The killing of Bin Laden has opened up the debate on the value of "enhanced interrogation techniques" (a.k.a. torture).
At the very start, it seems that people are "seeing what they want to see" in the evidence. Those who want to see it as having made a positive contribution look at the evidence and see what they want to see. So do those who say that it doesn't work.
As a matter of fact, no controlled experiments were conducted in which people were randomly assigned to "enhanced interrogation techniques" versus "alternative interrogation techniques" to reveal which group revealed the most and most useful information. The form of evidence that we have violates all of the rules of proof in a scientific sense, allowing room for all of the problems with non-scientific data such as confirmation bias - where agents assert that data that supports their position is solid and anything that contradicts their position is ignored as an anomaly.
But the issue in the ethics of "enhanced interrogation techniques" is not tied up in the question of whether or not it "works".
Murdering your spouse and disposing of her body - and getting away with it - may very well "work" if one's objective is to end a marriage while keeping all the property.

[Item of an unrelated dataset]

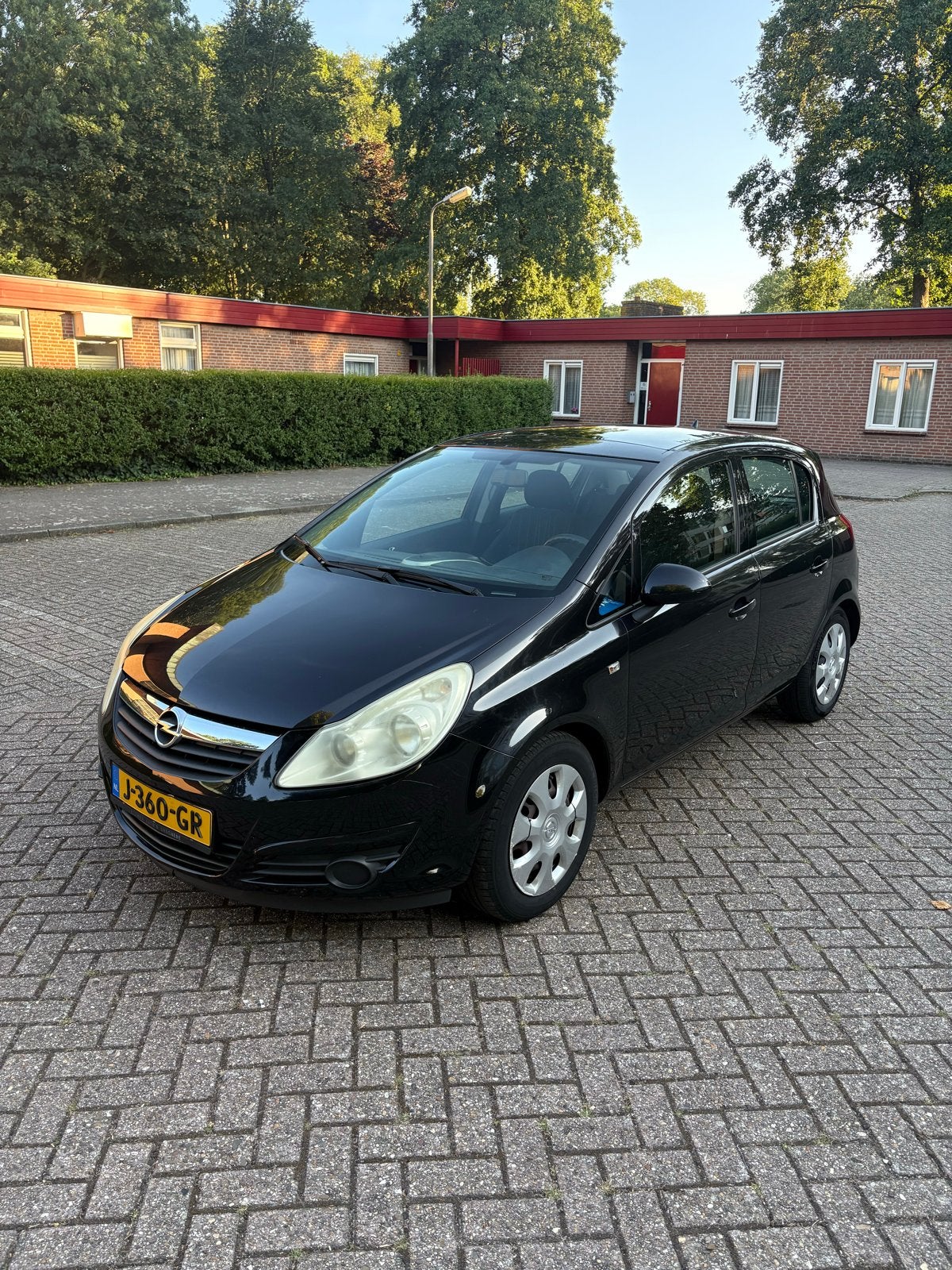 Opel Corsa 1.2 16V 5D 2008 Zwart, Auto's, Voorwielaandrijving, Zwart, 4 cilinders, 1229 cc
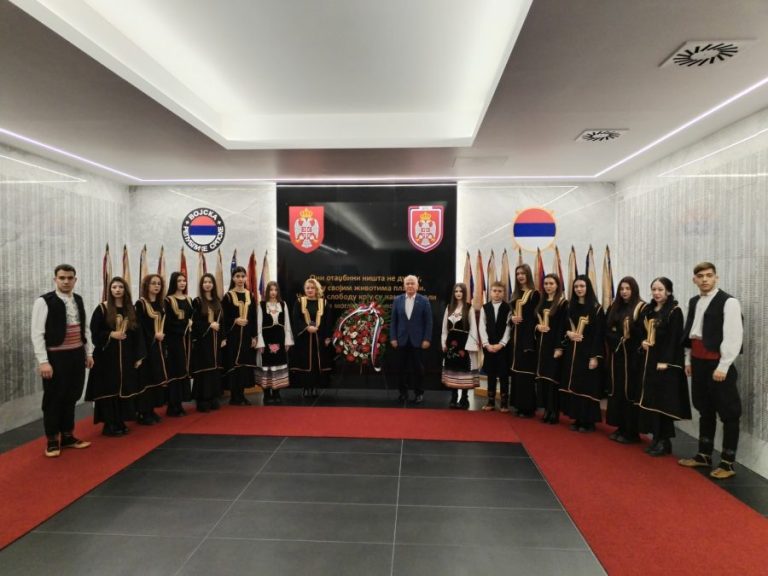 „Kamenički biseri“obišli Spomen‑sobu u kasarni „Kozara“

But the question of the moral legitimacy of the practice is not tied up in whether or not it does (or could) "work" in a given situation. That is not the moral issue.
Raping a child and threatening to kill her family might be a successful way to rape a child. Threatening to kill her family might actually "work". Does it provide a justification?

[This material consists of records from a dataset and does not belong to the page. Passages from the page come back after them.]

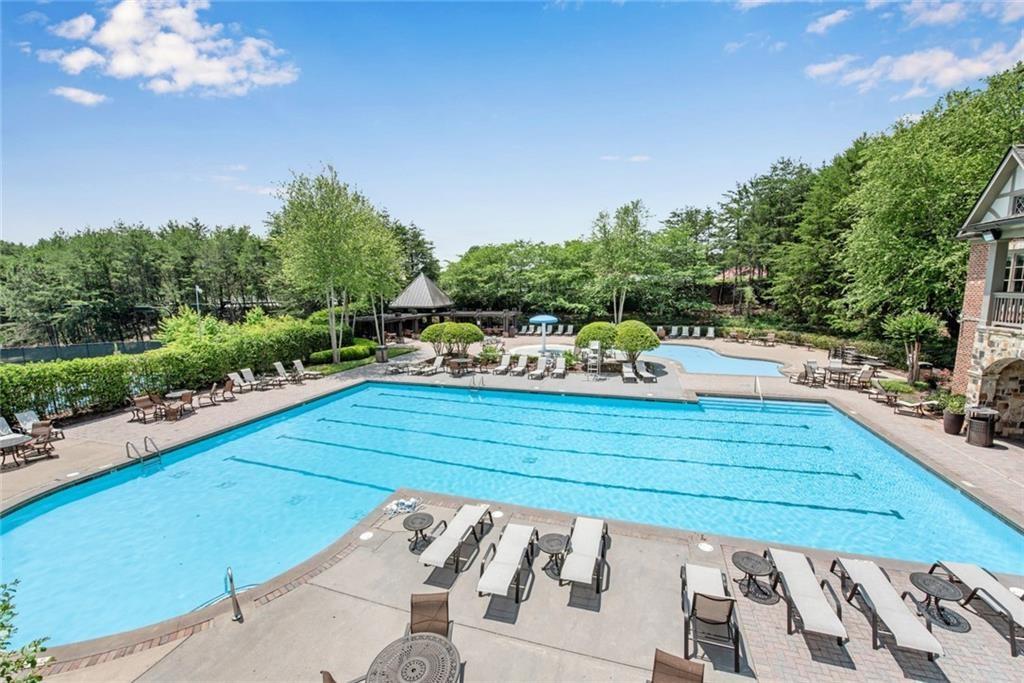 2412 Rosapenna Lane NW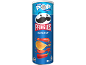 Pringles Ketchup πατατάκια σε μπλε συσκευασία με κέτσαπ και τσίλι.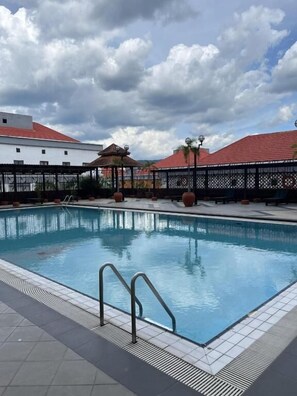 Una piscina al aire libre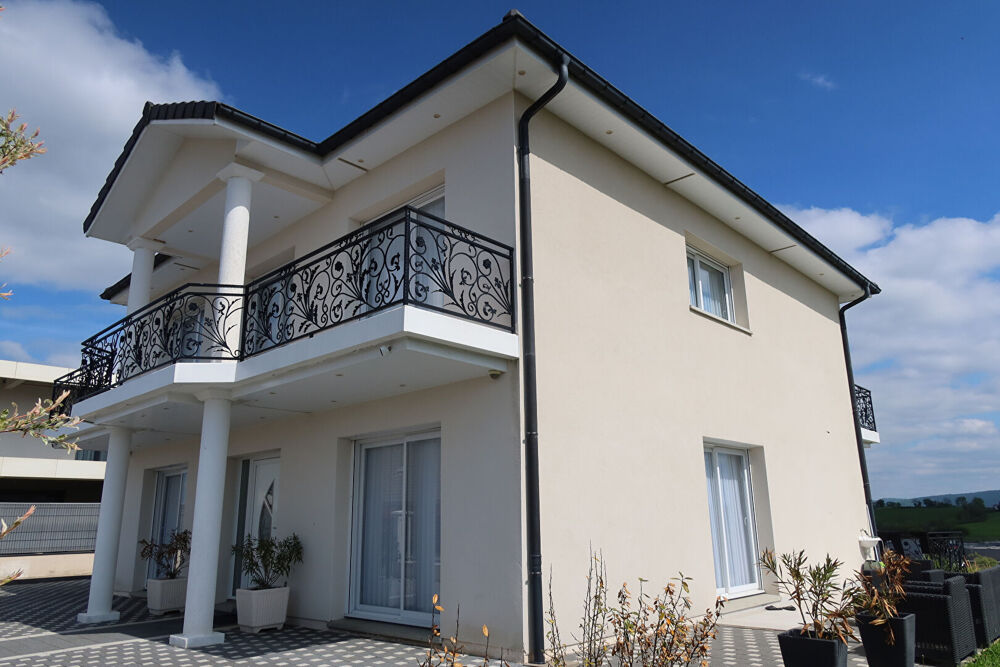 Vente Maison Maison d'architecte Besancon 7 pièce(s) 185 m2 Chemaudin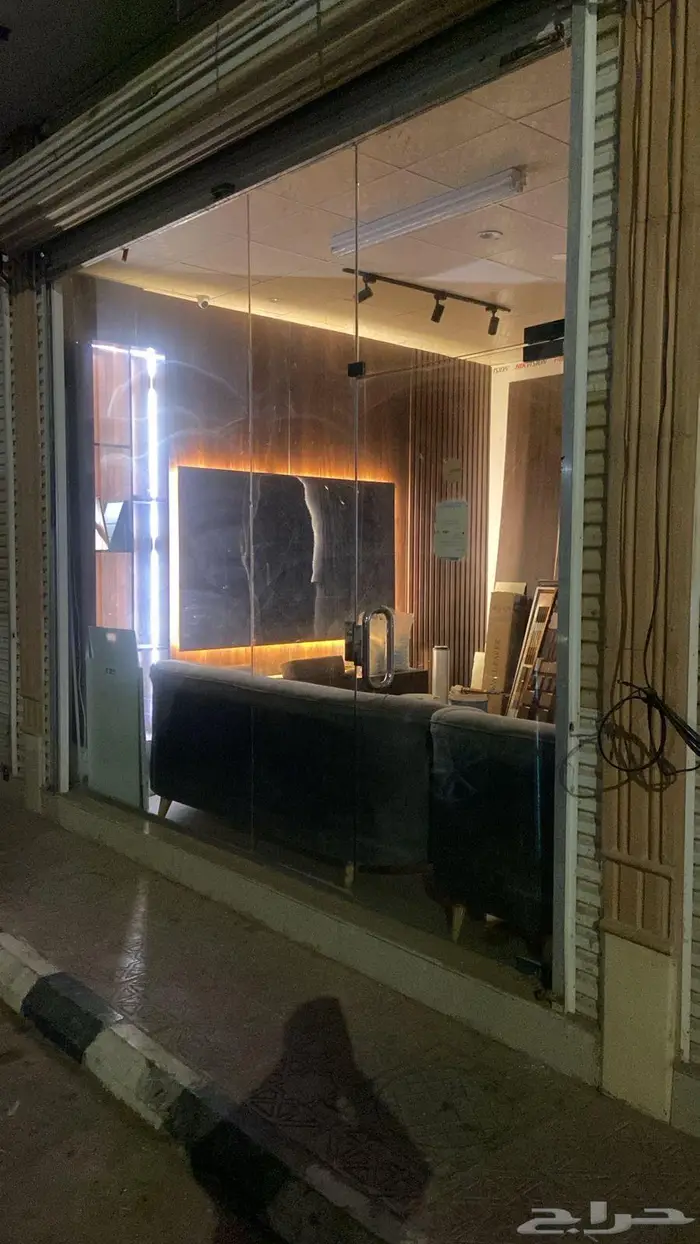 محل ديكور لتقبيل الخرج البيع سمح باذن الله 1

Two criticisms can be raised against this.
One is that the Americans who engaged in torture were doing it for a noble reason, as opposed to the people in these examples. However, what counts as a noble reason? Is it or is it not the case that eliminating torture is a noble reason? Is it not the case that reducing or eliminating the all-to-common practice of government leaders torturing people they bring into custody a noble cause?
We judge people not only on the causes the pursue, but the methods they are willing to pursue to obtain those ends.
A person wishes to obtain a heart transplant for his dying wife. A noble cause. So, he kills her identical twin sister in such a way that the heart can be transplanted.
At best, this criticism begs the question and assumes that the elimination of torture is not, itself, a noble reason for action.
The other is that these two counter-examples involve attacks against innocent people. The Bin Laden informants were not innocent.
But who was tortured? And how often? And how many of them were innocent?
I'm not just asking about how many and how often American interrogators tortured people - and who among them proved to be innocent. I am asking about how many and how often people get tortured.
Because accepting and arguing for torture - being a culture that embraces torture and that tells other governments they may embrace torture as well - will undoubtedly result in a lot more torture in the world. We can well trust that those who engage in torture think they have a good reason to do so - just as those who fly airplanes into sky scrapers think they have a good reason for doing so.
So, do we tell the world to embrace this practice and to feel free to engage in it whenever they think it might "work" for them?
Because that is exactly what those who defend this practice are doing. They are telling the world, "Embrace torture. It works."
And what will the results of that be? How many innocent people will be saved when the world learns this lesson that they are to love and embrace torture?